Alvar Núñez Cabeza de Vaca (Jerez de la Frontera, 1488/1490 – Valladolid, 27 May 1559):
He was born into a noble family, his father and grandfather were renowned military men. He set out as a sheriff on a mission to conquer Florida and find the fountain of eternal youth. Before arriving in Florida, they lost many men to bad weather and Indian attacks, and some men abandoned the expedition because it was extremely dangerous. The Indians told the Spaniards that the gold they were looking for was north of Florida, in the Appalachian province. The Carancagua Indians turned them into slaves. After many years with the Indians, Alvar learned to heal people from the teachings of the tribe that adopted him. He healed the son of a tribal chief, and was granted his freedom. He and other former Spanish slaves went throughout South America healing people as they searched for a Spanish settlement in the American territory. They finally found such a territory, and he returned to Spain. There he was granted the title of Governor of the Rio de la Plata. When he returned to America again, he disagreed with the treatment of the Indians by the Spaniards, and tried to defend the situation and restore order, but was condemned. He died in Seville, and insisted on re-establishing his honour, since the charges against him, accused of abuse of power in the repression of the insurgents, did not honour the acts he carried out. In addition to this, he discovered and discovered the Iguazu Falls and wrote the first ethnographic book on the indigenous populations of the Gulf of Mexico, called Naufragios (Shipwrecks).

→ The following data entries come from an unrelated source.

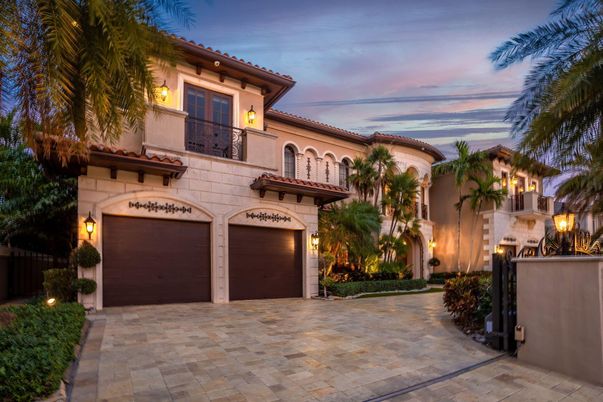 Attached, Exterior, Facade, Mediterranean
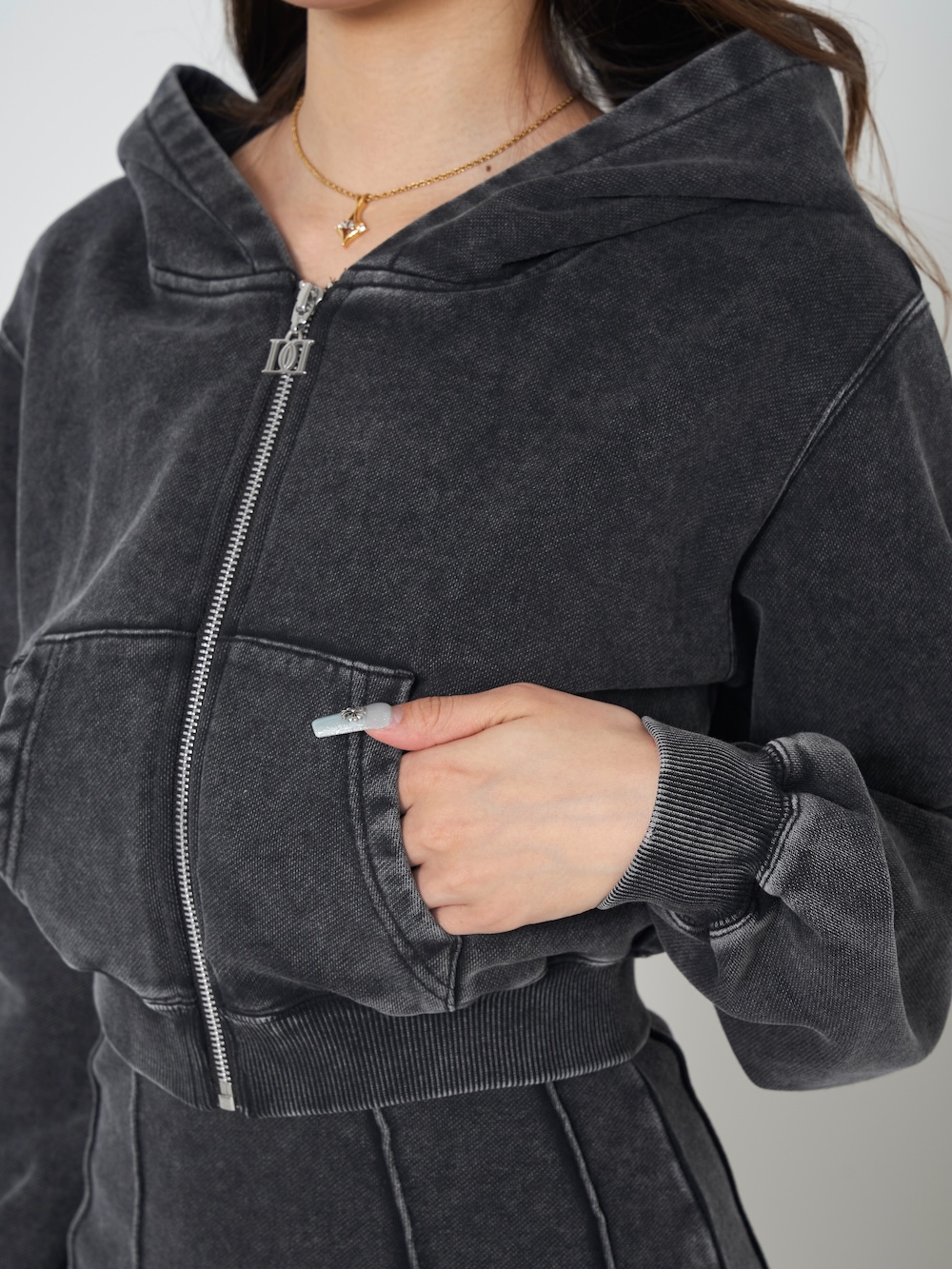 セール40%OFF】ダーリッチ Darich ロゴレザースウェット セール40%OFF】ダーリッチ Darich ロゴレザースウェット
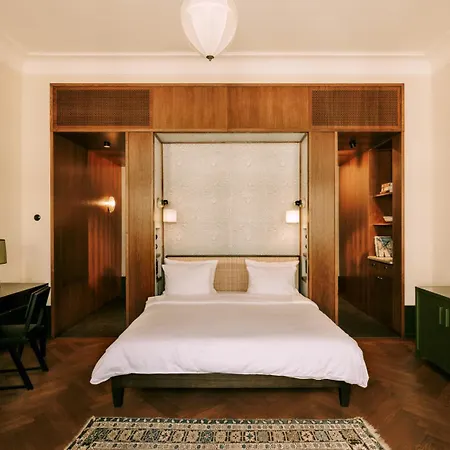 Boutique Chateau Royal فندق 5*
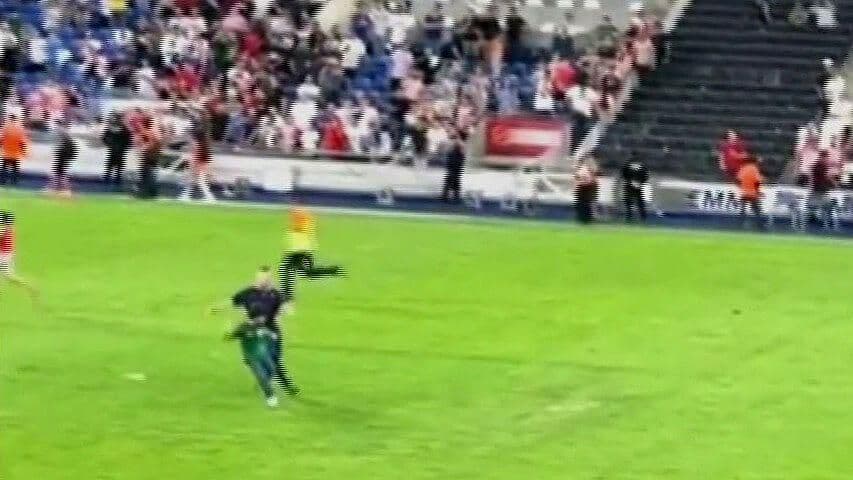 Guardia Taclea a Niño que Invadió Cancha en Estadio de Rayados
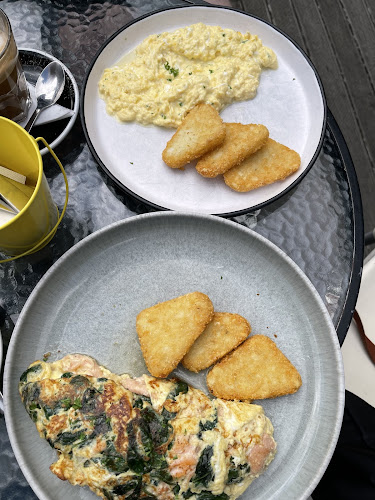 Urban Jungle Cafe - Hospitality and gastronomy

María Pita (Santiago de Sigrás, La Coruña 1565-1643):
On 3 May 1589, English troops arrived in La Coruña. The attack was part of the strategy maintained by the Queen of England, Isabella I, to take the throne of Portugal from her brother-in-law and later rejected pretender, King Philip II. The English surrounded the city of La Coruña, opened a breach in the wall that defended it and began the assault on the city. During this assault, they killed María Pita’s husband. It is said that she, filled with rage, snatched a lance with the English flag and with it killed the captain who was leading the assault on La Coruña. This made the English troops, made up of 12,000 soldiers, retreat and consider the attempt to take La Coruña lost. The story goes that this event was carried out to the cry (in Galician) of “Quen teña honra, que me siga” (which in English means: “whoever has honour, follow me”).
Once the battle was over, María Pita, along with other women who had fought in the battle, helped to collect the corpses and take care of the wounded. Although María Pita has gone down in history, there were many women who participated in the defense of the city. The enormous support of the women of A Coruña is remembered with great pride, because they were in the front line of defense fighting against the invasion and in the rearguard treating the wounded.
We liked this activity very much, it was a very complete activity because we learned more about the history of Bulgaria and Tryavna, besides seeing the house/museum and we visited other places. Finally, It was also the first activity that we spoke in front of the children in Bulgarian. It was a real challenge!!